Vijayapura, India

The Deccan's forgotten sultanate — Gol Gumbaz's whispering dome and Ibrahim Roza's grace, uncrowded in Karnataka

Vijayapura (formerly Bijapur) is a city in northern Karnataka that was capital of the Adil Shahi Sultanate from 1489 to 1686, a dynasty that produced some of the most extraordinary Islamic architecture in India — including the Gol Gumbaz (second-largest dome in the world at 44 metres, with the famous Whispering Gallery) and the Ibrahim Roza (a mausoleum said to have inspired the Taj Mahal). Bypassed by mainstream Indian tourism, its Mughal-scale monuments stand surprisingly uncrowded in the flat Karnataka landscape.

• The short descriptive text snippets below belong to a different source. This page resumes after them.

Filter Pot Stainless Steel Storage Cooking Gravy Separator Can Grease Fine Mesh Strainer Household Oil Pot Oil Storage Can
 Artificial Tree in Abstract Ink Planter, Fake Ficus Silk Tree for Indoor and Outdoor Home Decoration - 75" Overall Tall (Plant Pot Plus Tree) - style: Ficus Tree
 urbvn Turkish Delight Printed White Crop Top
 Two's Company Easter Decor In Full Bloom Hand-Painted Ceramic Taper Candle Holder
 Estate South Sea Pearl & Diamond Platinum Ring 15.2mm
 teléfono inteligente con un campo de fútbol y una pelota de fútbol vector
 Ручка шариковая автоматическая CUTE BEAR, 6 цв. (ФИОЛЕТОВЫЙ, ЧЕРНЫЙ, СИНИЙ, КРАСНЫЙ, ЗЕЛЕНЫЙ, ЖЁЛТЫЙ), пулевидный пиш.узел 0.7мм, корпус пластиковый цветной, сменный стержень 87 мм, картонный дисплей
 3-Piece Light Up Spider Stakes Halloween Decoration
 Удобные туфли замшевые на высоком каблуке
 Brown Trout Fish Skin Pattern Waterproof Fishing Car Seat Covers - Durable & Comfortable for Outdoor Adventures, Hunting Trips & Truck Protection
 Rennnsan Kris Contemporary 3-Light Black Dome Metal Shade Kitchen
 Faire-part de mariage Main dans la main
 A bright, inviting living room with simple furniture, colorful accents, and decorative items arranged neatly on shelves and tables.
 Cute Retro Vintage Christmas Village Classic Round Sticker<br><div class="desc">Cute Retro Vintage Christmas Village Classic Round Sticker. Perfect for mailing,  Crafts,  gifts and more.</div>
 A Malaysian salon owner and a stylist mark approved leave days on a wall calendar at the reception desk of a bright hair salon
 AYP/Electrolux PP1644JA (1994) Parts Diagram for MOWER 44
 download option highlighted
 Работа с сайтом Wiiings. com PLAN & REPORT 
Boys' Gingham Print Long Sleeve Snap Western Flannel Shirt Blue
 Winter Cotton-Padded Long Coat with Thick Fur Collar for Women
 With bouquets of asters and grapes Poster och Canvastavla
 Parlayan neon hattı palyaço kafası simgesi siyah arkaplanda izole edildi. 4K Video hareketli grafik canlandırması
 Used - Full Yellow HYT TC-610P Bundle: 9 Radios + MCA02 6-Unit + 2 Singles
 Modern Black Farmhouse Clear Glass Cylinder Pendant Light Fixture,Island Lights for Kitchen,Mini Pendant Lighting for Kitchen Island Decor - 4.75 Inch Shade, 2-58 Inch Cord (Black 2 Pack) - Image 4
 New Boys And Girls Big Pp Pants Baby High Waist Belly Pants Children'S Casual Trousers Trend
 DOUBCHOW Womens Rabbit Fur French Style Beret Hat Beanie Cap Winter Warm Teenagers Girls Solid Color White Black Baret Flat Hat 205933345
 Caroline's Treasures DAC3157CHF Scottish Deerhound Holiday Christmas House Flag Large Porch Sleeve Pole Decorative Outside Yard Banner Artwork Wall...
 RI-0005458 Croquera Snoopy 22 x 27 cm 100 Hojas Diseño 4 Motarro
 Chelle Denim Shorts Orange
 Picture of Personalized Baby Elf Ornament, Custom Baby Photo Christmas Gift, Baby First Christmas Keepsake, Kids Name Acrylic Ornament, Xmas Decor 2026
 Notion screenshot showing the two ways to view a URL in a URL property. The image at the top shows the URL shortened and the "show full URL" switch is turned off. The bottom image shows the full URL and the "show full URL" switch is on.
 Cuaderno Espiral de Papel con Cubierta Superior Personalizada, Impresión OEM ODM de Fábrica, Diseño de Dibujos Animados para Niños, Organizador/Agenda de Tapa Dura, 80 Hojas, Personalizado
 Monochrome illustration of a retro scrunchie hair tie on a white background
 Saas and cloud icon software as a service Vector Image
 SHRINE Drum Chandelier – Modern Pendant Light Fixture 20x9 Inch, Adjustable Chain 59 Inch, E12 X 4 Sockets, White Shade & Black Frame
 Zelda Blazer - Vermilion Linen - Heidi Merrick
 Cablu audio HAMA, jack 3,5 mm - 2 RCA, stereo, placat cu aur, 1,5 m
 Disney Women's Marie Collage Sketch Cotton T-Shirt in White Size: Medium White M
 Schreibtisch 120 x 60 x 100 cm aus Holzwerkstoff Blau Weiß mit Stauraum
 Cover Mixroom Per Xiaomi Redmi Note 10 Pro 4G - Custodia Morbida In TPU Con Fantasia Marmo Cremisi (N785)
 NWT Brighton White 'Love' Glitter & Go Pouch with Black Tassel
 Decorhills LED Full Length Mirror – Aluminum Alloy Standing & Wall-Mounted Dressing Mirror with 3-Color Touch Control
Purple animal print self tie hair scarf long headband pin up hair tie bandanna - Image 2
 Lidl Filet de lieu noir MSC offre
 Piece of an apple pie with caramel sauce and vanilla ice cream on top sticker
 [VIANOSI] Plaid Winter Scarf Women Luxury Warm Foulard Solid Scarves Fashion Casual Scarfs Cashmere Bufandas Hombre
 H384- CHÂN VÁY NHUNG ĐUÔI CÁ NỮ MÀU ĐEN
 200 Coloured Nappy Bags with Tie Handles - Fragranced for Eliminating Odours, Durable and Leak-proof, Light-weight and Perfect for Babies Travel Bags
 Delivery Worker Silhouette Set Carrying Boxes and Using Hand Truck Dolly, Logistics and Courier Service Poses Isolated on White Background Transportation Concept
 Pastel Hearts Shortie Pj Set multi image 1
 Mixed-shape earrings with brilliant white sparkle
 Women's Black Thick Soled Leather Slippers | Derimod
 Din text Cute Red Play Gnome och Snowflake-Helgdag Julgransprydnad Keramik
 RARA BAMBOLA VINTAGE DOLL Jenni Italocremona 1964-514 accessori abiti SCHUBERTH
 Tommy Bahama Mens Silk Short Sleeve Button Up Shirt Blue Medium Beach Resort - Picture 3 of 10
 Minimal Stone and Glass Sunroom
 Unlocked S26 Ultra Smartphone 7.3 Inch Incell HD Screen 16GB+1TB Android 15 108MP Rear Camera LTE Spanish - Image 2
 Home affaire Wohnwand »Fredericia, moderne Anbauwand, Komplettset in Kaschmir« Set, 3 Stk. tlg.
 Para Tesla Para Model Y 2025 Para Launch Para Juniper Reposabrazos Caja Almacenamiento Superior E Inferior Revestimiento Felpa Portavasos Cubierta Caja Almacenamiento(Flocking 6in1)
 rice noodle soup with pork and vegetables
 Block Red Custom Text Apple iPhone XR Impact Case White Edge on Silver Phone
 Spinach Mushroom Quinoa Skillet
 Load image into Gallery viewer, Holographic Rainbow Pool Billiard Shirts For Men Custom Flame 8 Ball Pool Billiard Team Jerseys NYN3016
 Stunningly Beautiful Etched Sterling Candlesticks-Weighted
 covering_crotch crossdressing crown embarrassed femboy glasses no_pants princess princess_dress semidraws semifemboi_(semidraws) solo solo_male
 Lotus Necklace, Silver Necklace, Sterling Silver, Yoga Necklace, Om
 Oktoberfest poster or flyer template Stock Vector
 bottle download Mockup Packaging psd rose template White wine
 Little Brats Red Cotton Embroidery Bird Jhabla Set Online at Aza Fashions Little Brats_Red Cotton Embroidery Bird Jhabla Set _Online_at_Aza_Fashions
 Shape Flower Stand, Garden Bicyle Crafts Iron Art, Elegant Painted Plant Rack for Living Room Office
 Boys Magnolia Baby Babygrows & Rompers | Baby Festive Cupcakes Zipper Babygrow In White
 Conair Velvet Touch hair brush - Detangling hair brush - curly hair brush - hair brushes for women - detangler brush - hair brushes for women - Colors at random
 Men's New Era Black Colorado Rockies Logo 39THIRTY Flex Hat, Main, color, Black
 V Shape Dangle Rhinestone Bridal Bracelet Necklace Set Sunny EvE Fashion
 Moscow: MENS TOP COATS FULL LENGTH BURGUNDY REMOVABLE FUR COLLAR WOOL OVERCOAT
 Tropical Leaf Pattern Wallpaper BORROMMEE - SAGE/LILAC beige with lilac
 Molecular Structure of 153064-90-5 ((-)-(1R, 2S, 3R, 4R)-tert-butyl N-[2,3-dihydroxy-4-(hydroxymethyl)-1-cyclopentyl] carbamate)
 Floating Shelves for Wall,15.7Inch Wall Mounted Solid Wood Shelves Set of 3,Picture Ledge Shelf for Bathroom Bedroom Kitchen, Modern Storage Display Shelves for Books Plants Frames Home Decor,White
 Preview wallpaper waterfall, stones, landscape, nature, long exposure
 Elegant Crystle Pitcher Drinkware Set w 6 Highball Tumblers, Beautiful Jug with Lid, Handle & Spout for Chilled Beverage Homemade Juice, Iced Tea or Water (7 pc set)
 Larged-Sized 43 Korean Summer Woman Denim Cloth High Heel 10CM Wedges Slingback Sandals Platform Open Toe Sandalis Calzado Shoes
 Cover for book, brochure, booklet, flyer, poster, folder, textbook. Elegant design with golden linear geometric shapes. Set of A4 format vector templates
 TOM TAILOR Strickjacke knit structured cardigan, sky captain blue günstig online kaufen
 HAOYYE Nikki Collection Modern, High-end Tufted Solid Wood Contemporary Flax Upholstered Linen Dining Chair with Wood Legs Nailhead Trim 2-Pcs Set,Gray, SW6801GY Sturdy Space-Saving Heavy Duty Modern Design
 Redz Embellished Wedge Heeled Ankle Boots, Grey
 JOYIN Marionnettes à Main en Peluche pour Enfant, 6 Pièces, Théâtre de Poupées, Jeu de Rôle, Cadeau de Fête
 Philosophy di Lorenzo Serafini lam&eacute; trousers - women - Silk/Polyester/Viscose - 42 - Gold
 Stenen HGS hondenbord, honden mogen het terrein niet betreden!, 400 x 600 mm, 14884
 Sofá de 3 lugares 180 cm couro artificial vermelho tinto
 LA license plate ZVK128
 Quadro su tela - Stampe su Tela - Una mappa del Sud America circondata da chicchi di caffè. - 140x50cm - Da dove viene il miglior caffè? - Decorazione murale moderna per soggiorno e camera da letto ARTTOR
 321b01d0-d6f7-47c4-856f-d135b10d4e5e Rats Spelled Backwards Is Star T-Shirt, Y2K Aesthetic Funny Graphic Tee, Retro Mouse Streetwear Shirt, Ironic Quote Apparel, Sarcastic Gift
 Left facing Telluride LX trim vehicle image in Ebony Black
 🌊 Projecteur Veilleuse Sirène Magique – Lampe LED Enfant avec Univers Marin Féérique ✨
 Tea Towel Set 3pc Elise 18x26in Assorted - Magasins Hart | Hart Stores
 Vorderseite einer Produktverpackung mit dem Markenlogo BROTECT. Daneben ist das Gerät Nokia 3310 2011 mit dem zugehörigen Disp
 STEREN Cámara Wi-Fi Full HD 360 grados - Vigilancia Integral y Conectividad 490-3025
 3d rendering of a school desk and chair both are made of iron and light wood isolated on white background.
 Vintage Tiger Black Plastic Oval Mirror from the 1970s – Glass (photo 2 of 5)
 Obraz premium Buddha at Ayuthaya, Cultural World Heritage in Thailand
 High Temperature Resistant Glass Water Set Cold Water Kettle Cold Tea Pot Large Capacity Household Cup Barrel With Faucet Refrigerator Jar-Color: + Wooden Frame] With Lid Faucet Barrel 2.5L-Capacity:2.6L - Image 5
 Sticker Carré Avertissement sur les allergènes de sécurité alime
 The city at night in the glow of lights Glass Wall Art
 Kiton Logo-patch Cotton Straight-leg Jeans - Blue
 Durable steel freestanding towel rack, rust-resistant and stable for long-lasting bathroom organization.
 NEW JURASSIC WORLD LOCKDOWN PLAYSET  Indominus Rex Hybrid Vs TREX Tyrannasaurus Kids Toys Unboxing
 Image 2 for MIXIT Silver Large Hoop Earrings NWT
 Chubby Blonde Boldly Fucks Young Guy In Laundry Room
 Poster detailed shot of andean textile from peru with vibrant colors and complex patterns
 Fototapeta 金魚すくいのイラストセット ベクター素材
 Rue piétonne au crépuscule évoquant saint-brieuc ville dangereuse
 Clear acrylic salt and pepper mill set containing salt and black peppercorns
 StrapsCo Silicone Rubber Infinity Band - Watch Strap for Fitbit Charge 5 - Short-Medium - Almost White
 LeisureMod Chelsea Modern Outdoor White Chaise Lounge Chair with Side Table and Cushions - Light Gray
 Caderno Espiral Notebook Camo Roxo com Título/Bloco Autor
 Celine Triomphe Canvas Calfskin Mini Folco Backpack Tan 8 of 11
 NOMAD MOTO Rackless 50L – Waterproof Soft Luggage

The Adil Shahi dynasty ruled Bijapur from 1489, one of five Deccan Sultanates that emerged after the Bahmani Sultanate fragmented. The dynasty reached its peak under Ibrahim Adil Shah II (r. 1580–1627) — a polymath ruler who commissioned the Ibrahim Roza, patronised music and Kannada poetry, and synthesised Mughal, Persian, and Deccan architectural traditions. Aurangzeb besieged and captured Bijapur in 1686 after a long campaign, ending the sultanate; the city slowly declined and its population today is a fraction of its 17th-century height, leaving its monuments in a state of quiet grandeur.